(INPUT begins)

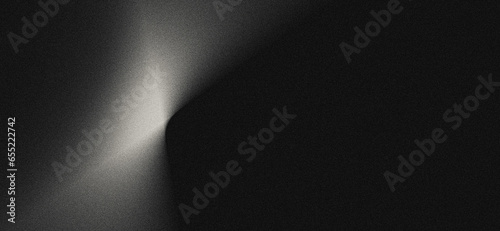 Fototapeta Naklejka Na Ścianę i Meble -  Grey black white glowing abstract gradient shape on black grainy background minimal header cover poster design copy space
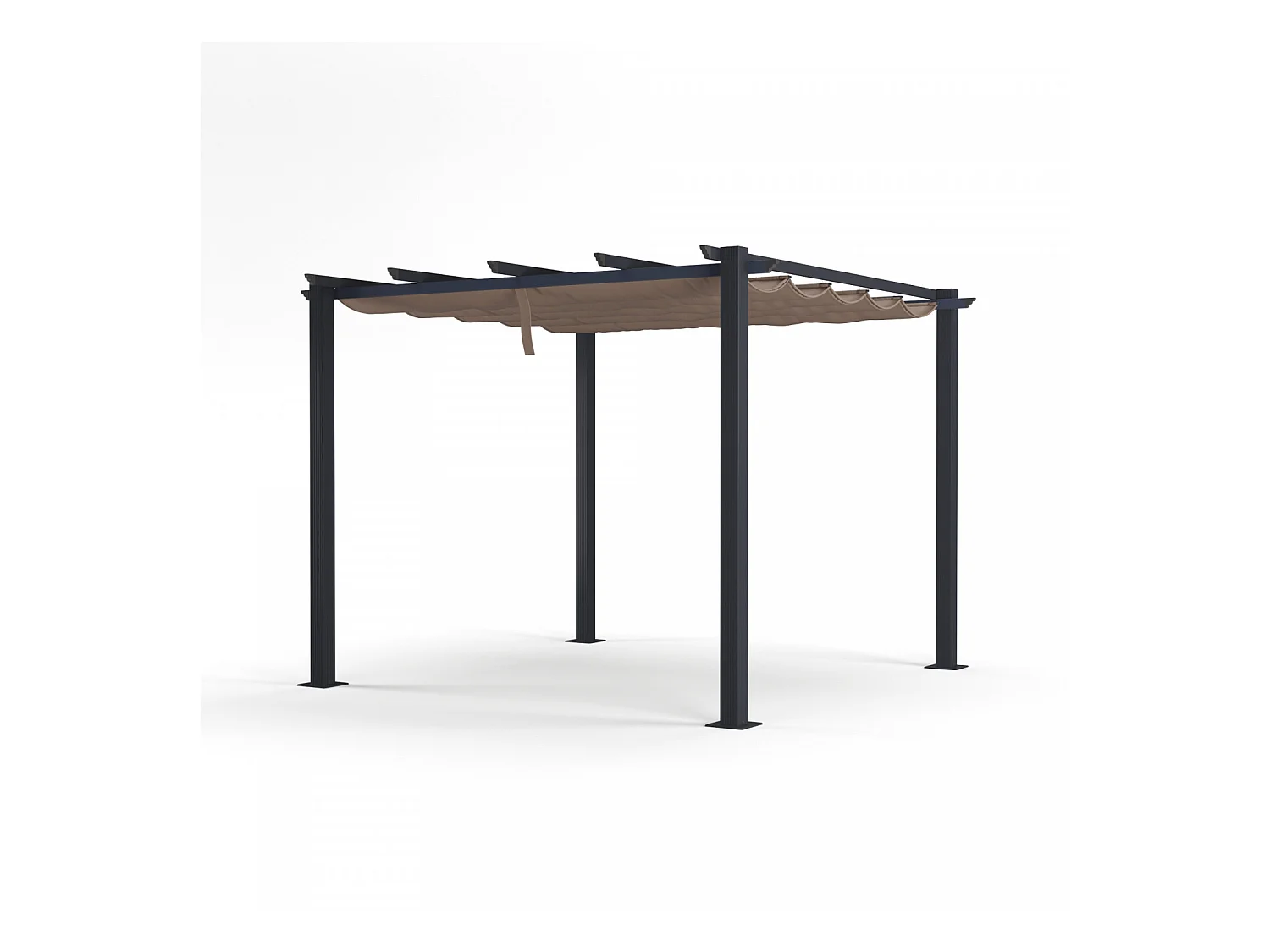 Tonnelle/Pergola aluminium 3x3m toile coulissante rétractable - Gris / Taupe - OHIO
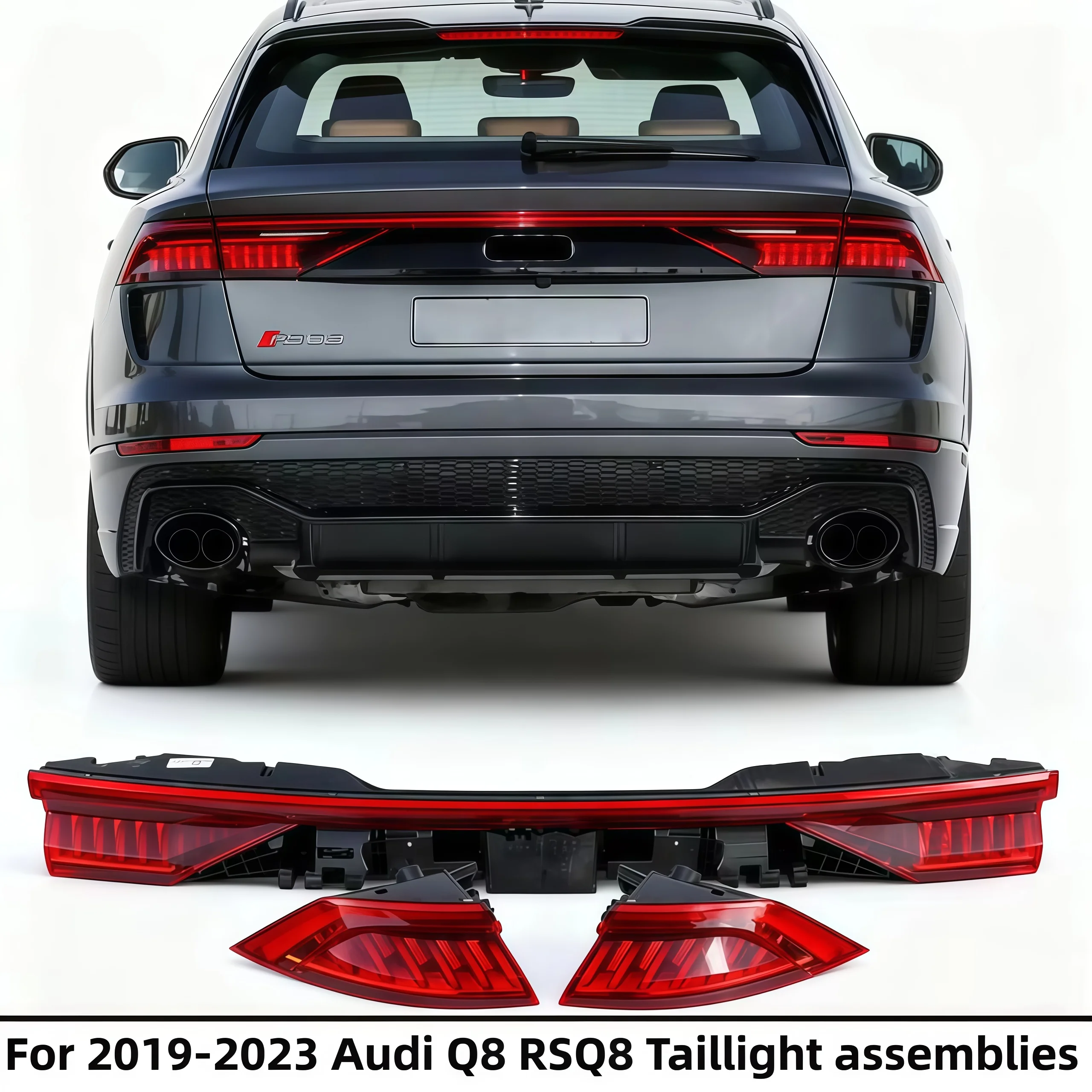 Для Audi Q8 RSQ8 2019-2023 годов: Обновленный оригинальный комплект задних фонарей с динамическими последовательными OLED-указателями поворота и стоп-сигналами высокой конфигурации
Для Audi Q8 RSQ8 2019-2023 годов: Обновленный оригинальный комплект задних фонарей с динамическими последовательными OLED-указателями поворота и стоп-сигналами высокой конфигурации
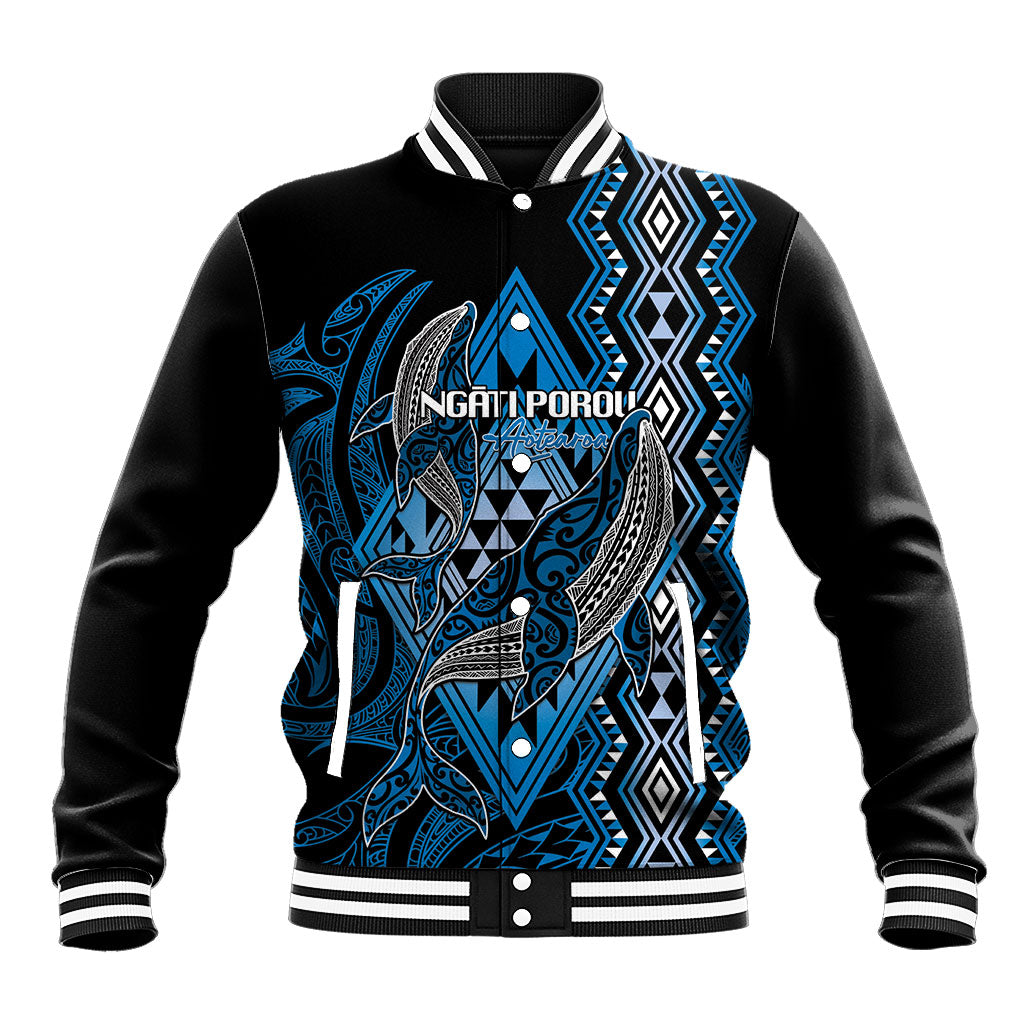 Aotearoa Iwi Ngati Porou Personalised Baseball Jacket NZ Maori Humpback Whale Taniko Motifs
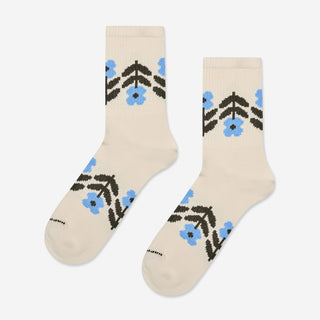 Flower Border Sneaker Socken - White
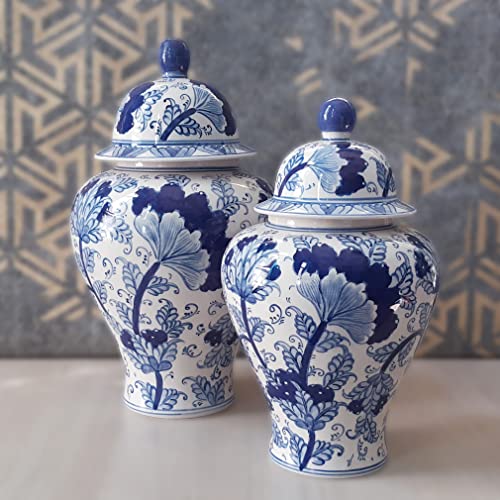 Handmade Keramički đumbir Jar Set, Chinoiserie Set, Bleu-Blanc Jar Set, Dvostruki set Jar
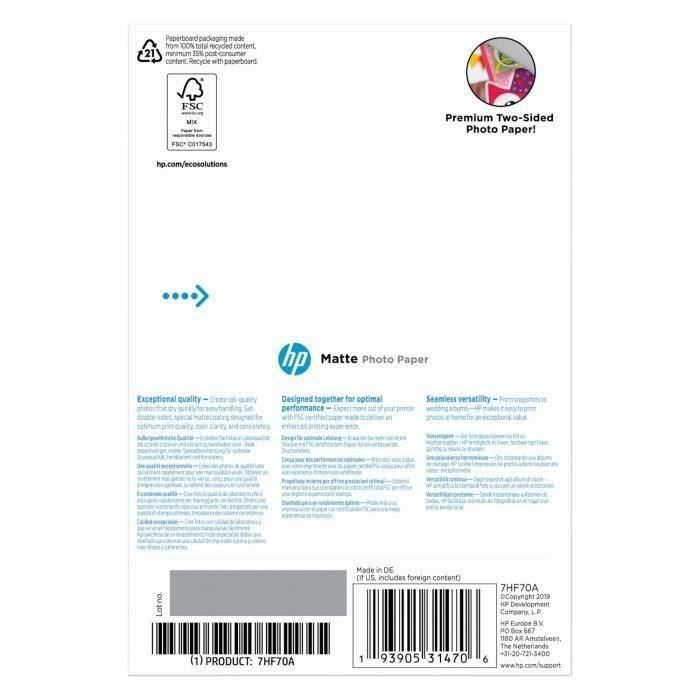HP Matte Photo Paper - 180 g/m² - 10 x 15 cm - 25 Sheets (7HF70A) g/m2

(INPUT ends)

The lines to copy begin at the one containing "Flower Border Sneaker Socken - White" and end at the last line of the records. Set down exactly those lines and no others, both ends included, and omit all pictures.

■ **REPLY**:
 Flower Border Sneaker Socken - White
 Handmade Keramički đumbir Jar Set, Chinoiserie Set, Bleu-Blanc Jar Set, Dvostruki set Jar
HP Matte Photo Paper - 180 g/m² - 10 x 15 cm - 25 Sheets (7HF70A) g/m2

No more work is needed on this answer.